Medication expenditure contributes quite significantly to the overall costs of health insurance industry in Botswana. Over the years the cost of medicines has spiralled out of control and the increase has often been well above the inflation rate. This high cost of medicine is in the long term non sustainable and if left unchecked could cripple the medical aids in Botswana. This is particularly so, bearing in mind that monthly premiums are extremely low compared with other countries. Increasing monthly premiums is not a viable option either as it may lead to many people stopping subscribing to medical aid Schemes.

It was against this background that the two medical aid Schemes administered by Associated Fund Administrators (AFA) namely Botswana Public Officers’ Medical Aid Scheme (BPOMAS) and PULA Medical Aid Scheme took a strategic decision to introduce Pharmaceutical Benefit Management (PBM) System. The main objective of PBM system is to reduce the cost of medicines and to ensure long term sustainability of the healthcare insurance. This system was introduced in January 2009 after consultation with various stakeholders over a period of time.

Pharmaceutical Benefit System

PBM system is a component of Managed Care which specifically addresses issues around the cost and utilization of medication. PBM aims at optimizing the utilization of medicines but ensuring that quality of care is not compromised. It is a tool used to optimize the utilization of medicines within the healthcare industry. PBM involves coming up with a number of interventions that optimize the use of pharmaceuticals thus ensuring that health insurance can be sustained over a long period of time.

The two major interventions that have been introduced for BPOMAS and PULA include Generic Reference Pricing and Differential Mark Up.  Through Generic Price Referencing all branded products that have generic equivalents registered in Botswana are reimbursed at the aggregate or average price of generic equivalents. Differential mark up on branded and patented medicines involves reimbursing more favourably for generic products as compared with branded products. Currently generic products are reimbursed up to 57% mark up of the basic acquisition price whereas branded products are reimbursed at 35% mark up of the cost price.

It must be noted that the use of generic medicines does not imply compromising the quality of care. A deliberate decision was taken that only generics that have been registered in Botswana are reimbursed through the PBM system. Registration through Ministry of Health means that the efficacy and safety of these products has been extensively evaluated and to all intends and purposes match their branded counterparts. Furthermore, the active ingredient in the branded product is exactly the same in the generics hence the assurance that care is not compromised in any way. In this regard the clients of the two medical aid Schemes can be assured that only quality medicines are reimbursed through this system.

The differential mark up, on the hand, is premised on the fact that the same chemical entity is used in both branded and generic medicines. In the case of branded products the healthcare industry is merely paying a premium for a name. Payment of this premium does not make economic sense especially in the settings of limited resources in a developing country like Botswana. The idea is to encourage doctors and pharmacists to increasingly prescribe and dispense generic medicines in order to drive the overall expenditure of medication down.

Through PBM prices are monitored on a continuous basis and adjustments effected accordingly to ensure service providers are reimbursed appropriately.
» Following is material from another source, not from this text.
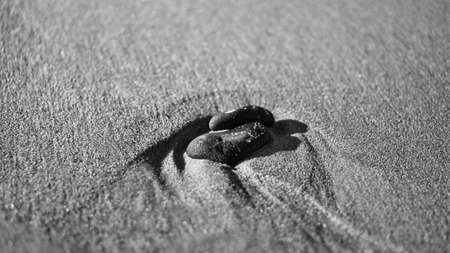 heart-shaped stone in the sand of the beach on the Baltic Sea black and white. Romantic symbol for people in love. Small sign as still life.の写真素材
The system is also very flexible such that reimbursement prices can be adjusted at any time to ensure that suppliers are not adversely affected by fluctuations of prices in the market.
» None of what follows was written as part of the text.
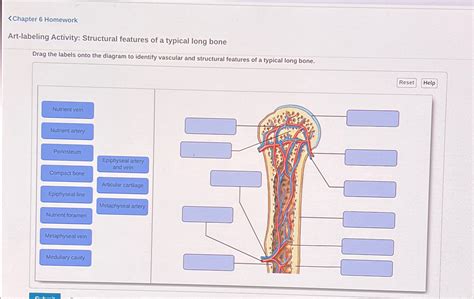 Solved Structural Features Of A Typical Long Bone Chegg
Other PBM interventions include profiling of service providers, negotiating acquisition prices with drug manufacturers, as well as regular publishing of price list. These are additional tools that also ensure that stakeholders involved in the pharmaceutical industry play their part in driving the cost of medicines down.


The implementation of PBM has generally been successful over the past 12 months despite a few challenges. Expenditure of medicines during this period has gone down and both Schemes have realized some savings. Patient acceptance has been rather mixed mainly due to lack of understanding on their part. Some patients believe that generics are inferior to branded products and convincing them otherwise has been somewhat difficult. However, more people are beginning appreciate the concept and are happy to use generic medicines. Most service providers have accepted the PBM system as means to long term sustainability of the medical aid Schemes. It is in the best interest of everyone involved in the healthcare industry that medical aids Schemes survive for a long time to come.